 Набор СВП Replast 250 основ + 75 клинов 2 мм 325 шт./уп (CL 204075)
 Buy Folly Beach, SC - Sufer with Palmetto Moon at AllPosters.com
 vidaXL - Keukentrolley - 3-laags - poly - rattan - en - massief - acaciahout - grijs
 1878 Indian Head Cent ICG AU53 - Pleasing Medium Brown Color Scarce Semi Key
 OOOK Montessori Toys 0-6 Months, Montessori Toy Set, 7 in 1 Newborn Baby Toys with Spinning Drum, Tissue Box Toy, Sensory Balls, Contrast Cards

==

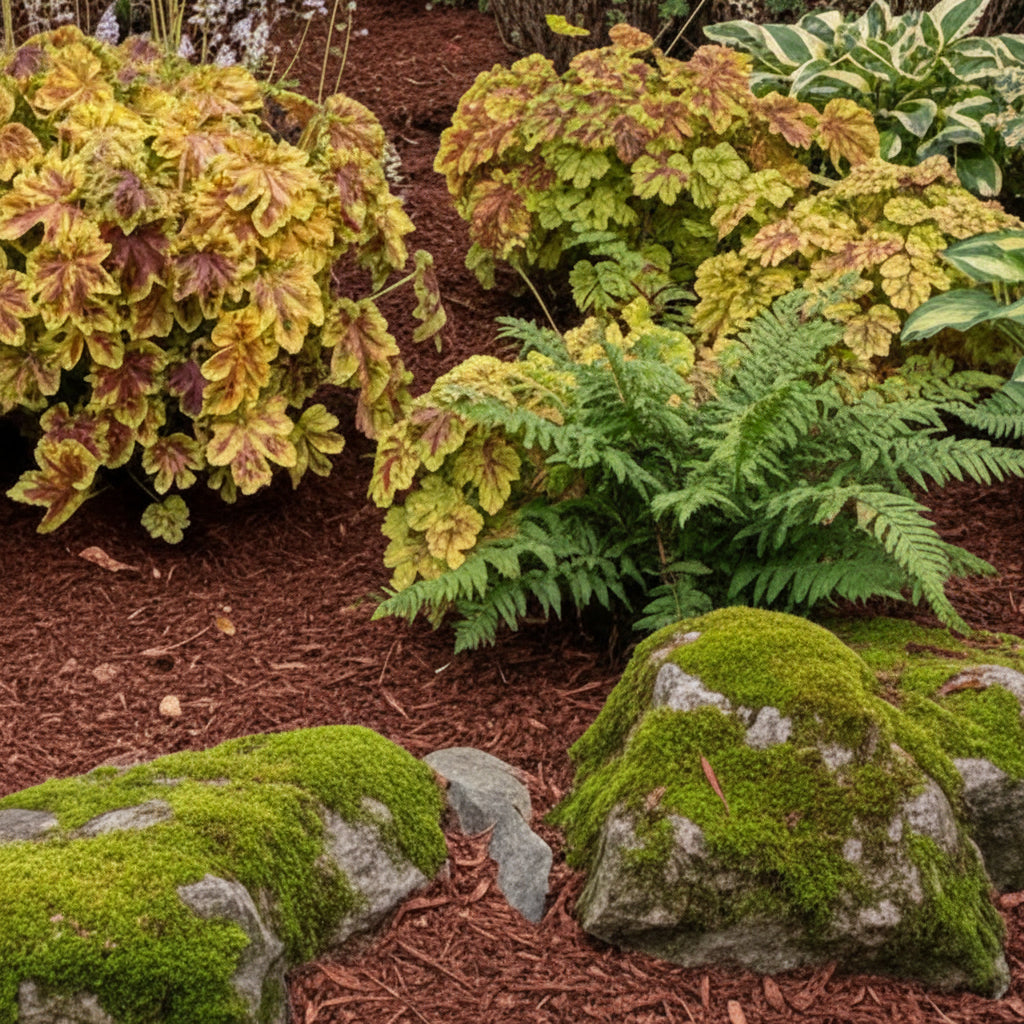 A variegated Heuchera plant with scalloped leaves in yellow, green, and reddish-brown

Your instructions:
Reproduce, character for character, only the lines of the preceding data that start at the line with "Buy Folly Beach, SC" and end at the line with "1878 Indian Head", both included.

Exercise solution:
 Buy Folly Beach, SC - Sufer with Palmetto Moon at AllPosters.com
 vidaXL - Keukentrolley - 3-laags - poly - rattan - en - massief - acaciahout - grijs
 1878 Indian Head Cent ICG AU53 - Pleasing Medium Brown Color Scarce Semi Key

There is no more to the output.